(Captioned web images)

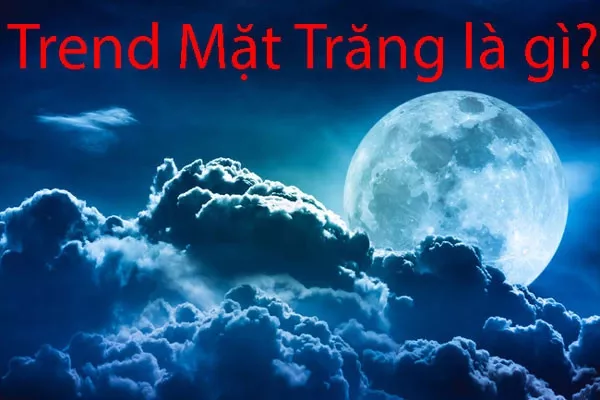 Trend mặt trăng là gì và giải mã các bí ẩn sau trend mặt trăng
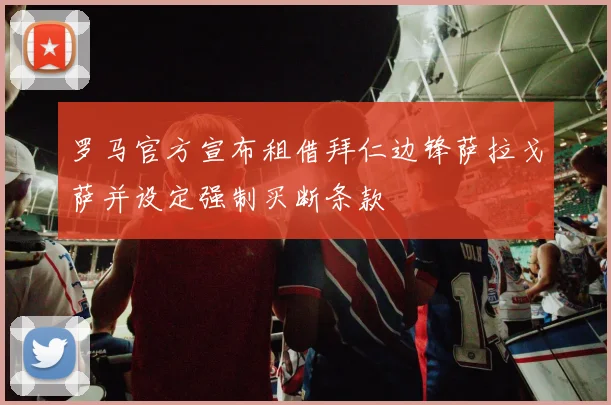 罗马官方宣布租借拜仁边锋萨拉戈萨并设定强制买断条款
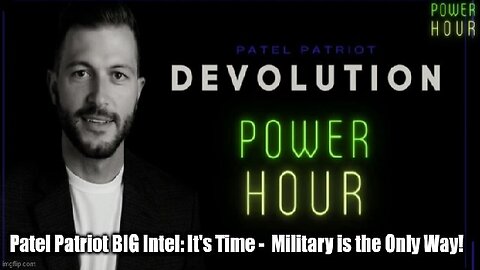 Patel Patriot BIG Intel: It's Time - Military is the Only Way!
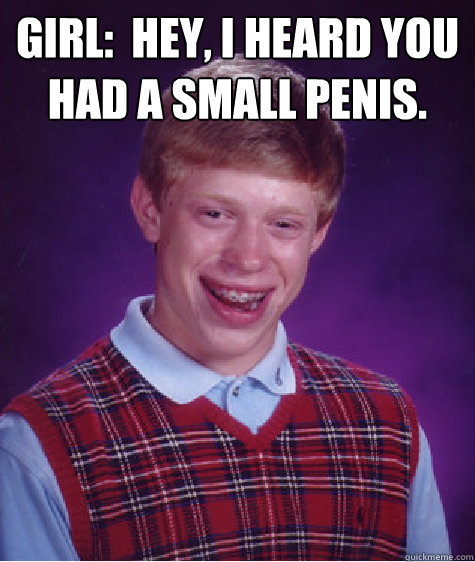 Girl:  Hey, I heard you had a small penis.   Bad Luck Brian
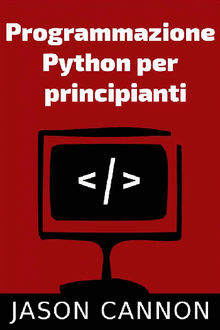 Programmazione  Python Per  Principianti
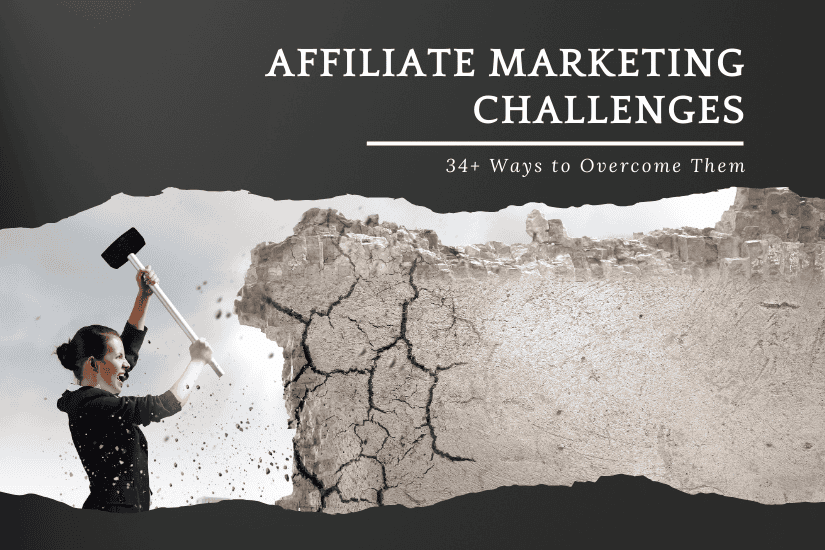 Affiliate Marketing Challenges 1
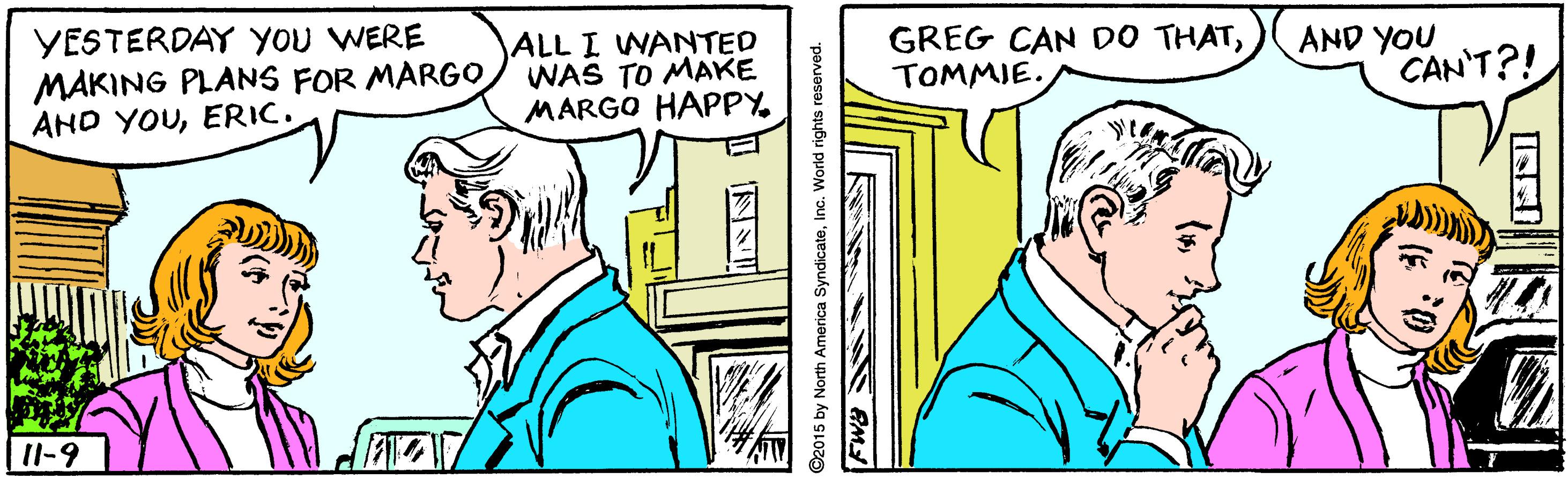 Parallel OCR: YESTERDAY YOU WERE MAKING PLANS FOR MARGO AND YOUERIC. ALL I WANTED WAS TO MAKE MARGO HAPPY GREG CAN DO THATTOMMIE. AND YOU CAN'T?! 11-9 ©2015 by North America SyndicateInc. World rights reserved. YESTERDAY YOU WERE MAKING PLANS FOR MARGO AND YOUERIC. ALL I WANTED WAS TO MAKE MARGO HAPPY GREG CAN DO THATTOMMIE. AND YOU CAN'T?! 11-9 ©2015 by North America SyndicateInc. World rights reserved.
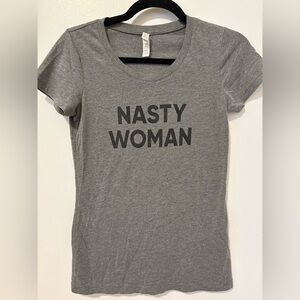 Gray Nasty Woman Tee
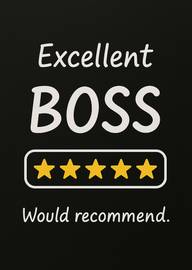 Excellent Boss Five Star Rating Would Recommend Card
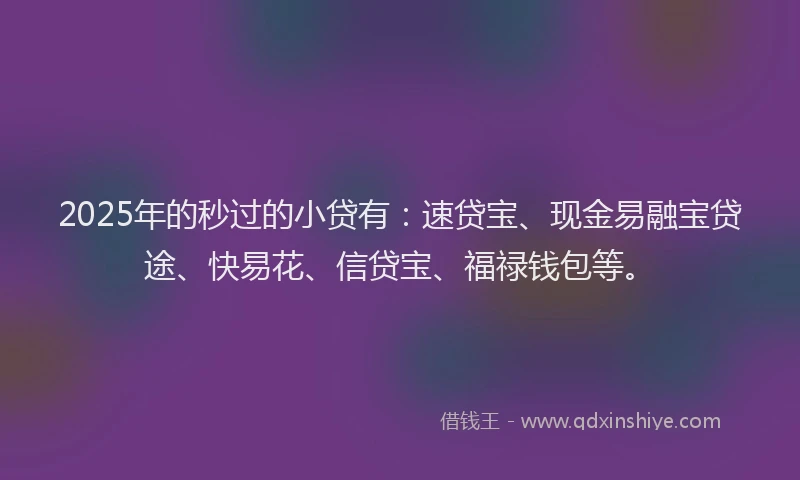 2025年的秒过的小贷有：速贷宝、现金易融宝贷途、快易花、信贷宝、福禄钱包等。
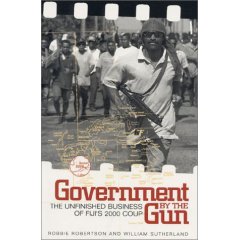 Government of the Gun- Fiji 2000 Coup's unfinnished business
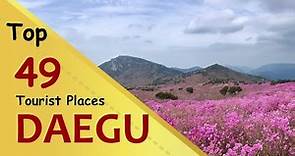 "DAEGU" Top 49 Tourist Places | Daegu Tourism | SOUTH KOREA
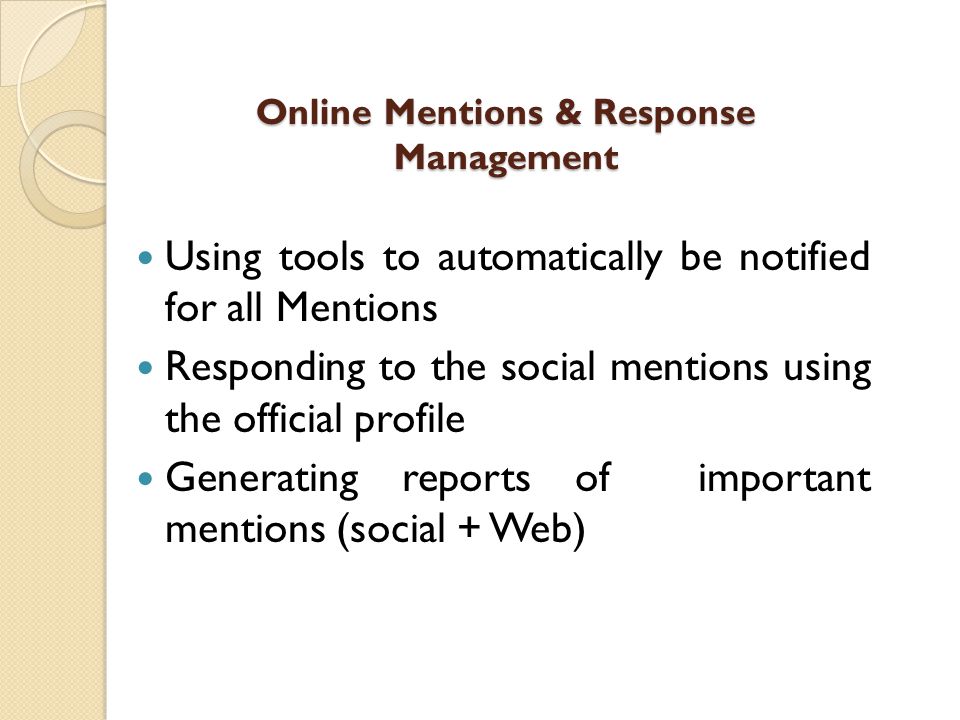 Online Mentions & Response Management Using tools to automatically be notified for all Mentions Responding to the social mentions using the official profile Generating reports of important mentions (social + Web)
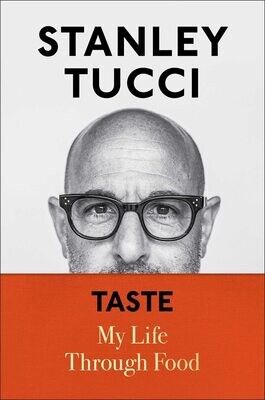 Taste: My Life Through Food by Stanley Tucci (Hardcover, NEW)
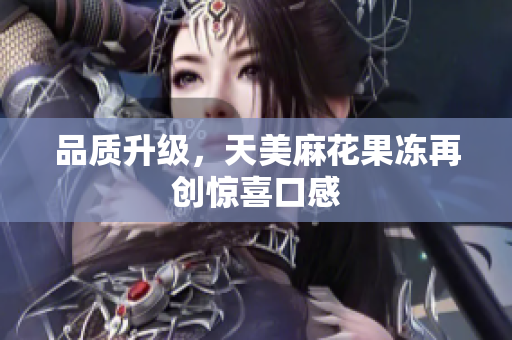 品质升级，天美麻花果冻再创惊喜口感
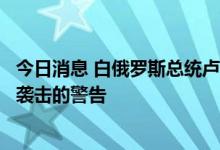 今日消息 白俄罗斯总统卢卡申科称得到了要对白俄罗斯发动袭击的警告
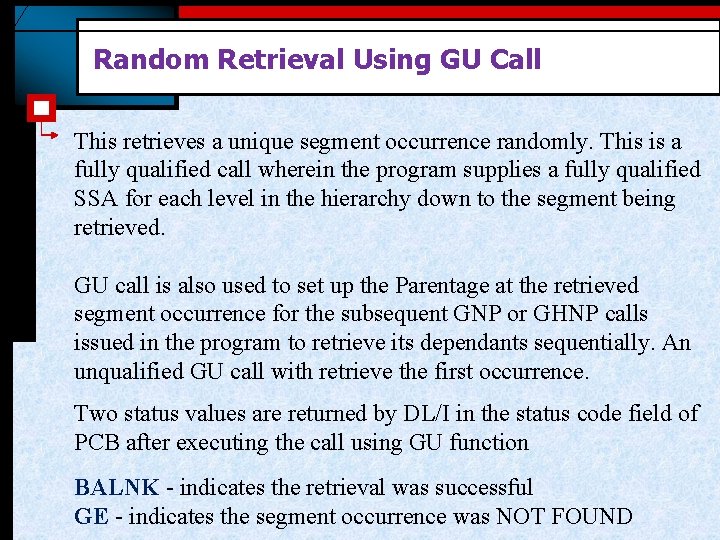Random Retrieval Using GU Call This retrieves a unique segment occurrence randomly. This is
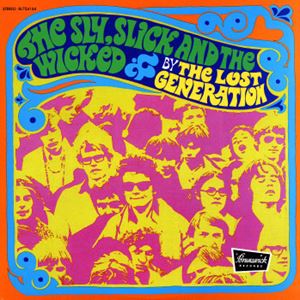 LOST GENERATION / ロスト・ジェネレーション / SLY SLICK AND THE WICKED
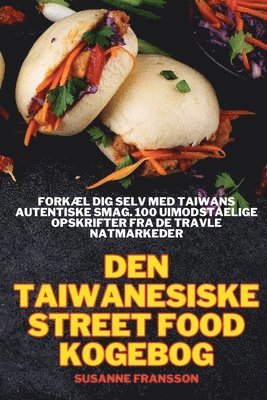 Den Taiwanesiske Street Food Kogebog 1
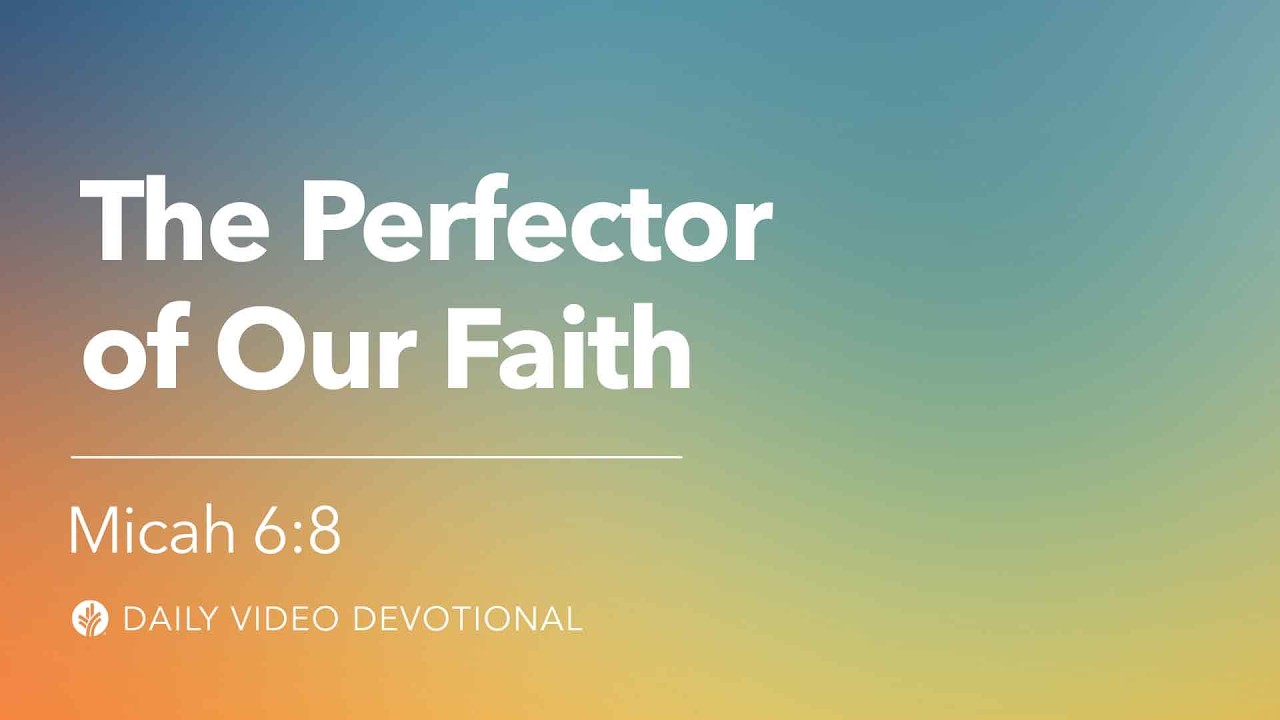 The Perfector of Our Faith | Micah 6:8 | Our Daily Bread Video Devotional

(TASK GOAL)
Word for word, retype the lines from the one with "Parallel OCR: YESTERDAY" through the final line of the data, both included. No pictures belong in the copy.

(RESULT FOR THIS EXERCISE)
 Parallel OCR: YESTERDAY YOU WERE MAKING PLANS FOR MARGO AND YOUERIC. ALL I WANTED WAS TO MAKE MARGO HAPPY GREG CAN DO THATTOMMIE. AND YOU CAN'T?! 11-9 ©2015 by North America SyndicateInc. World rights reserved. YESTERDAY YOU WERE MAKING PLANS FOR MARGO AND YOUERIC. ALL I WANTED WAS TO MAKE MARGO HAPPY GREG CAN DO THATTOMMIE. AND YOU CAN'T?! 11-9 ©2015 by North America SyndicateInc. World rights reserved.
 Gray Nasty Woman Tee
 Excellent Boss Five Star Rating Would Recommend Card
 2025年的秒过的小贷有：速贷宝、现金易融宝贷途、快易花、信贷宝、福禄钱包等。
 Government of the Gun- Fiji 2000 Coup's unfinnished business
 "DAEGU" Top 49 Tourist Places | Daegu Tourism | SOUTH KOREA
 Online Mentions & Response Management Using tools to automatically be notified for all Mentions Responding to the social mentions using the official profile Generating reports of important mentions (social + Web)
 Taste: My Life Through Food by Stanley Tucci (Hardcover, NEW)
 品质升级，天美麻花果冻再创惊喜口感
 今日消息 白俄罗斯总统卢卡申科称得到了要对白俄罗斯发动袭击的警告
Random Retrieval Using GU Call This retrieves a unique segment occurrence randomly. This is
 LOST GENERATION / ロスト・ジェネレーション / SLY SLICK AND THE WICKED
 Den Taiwanesiske Street Food Kogebog 1
 The Perfector of Our Faith | Micah 6:8 | Our Daily Bread Video Devotional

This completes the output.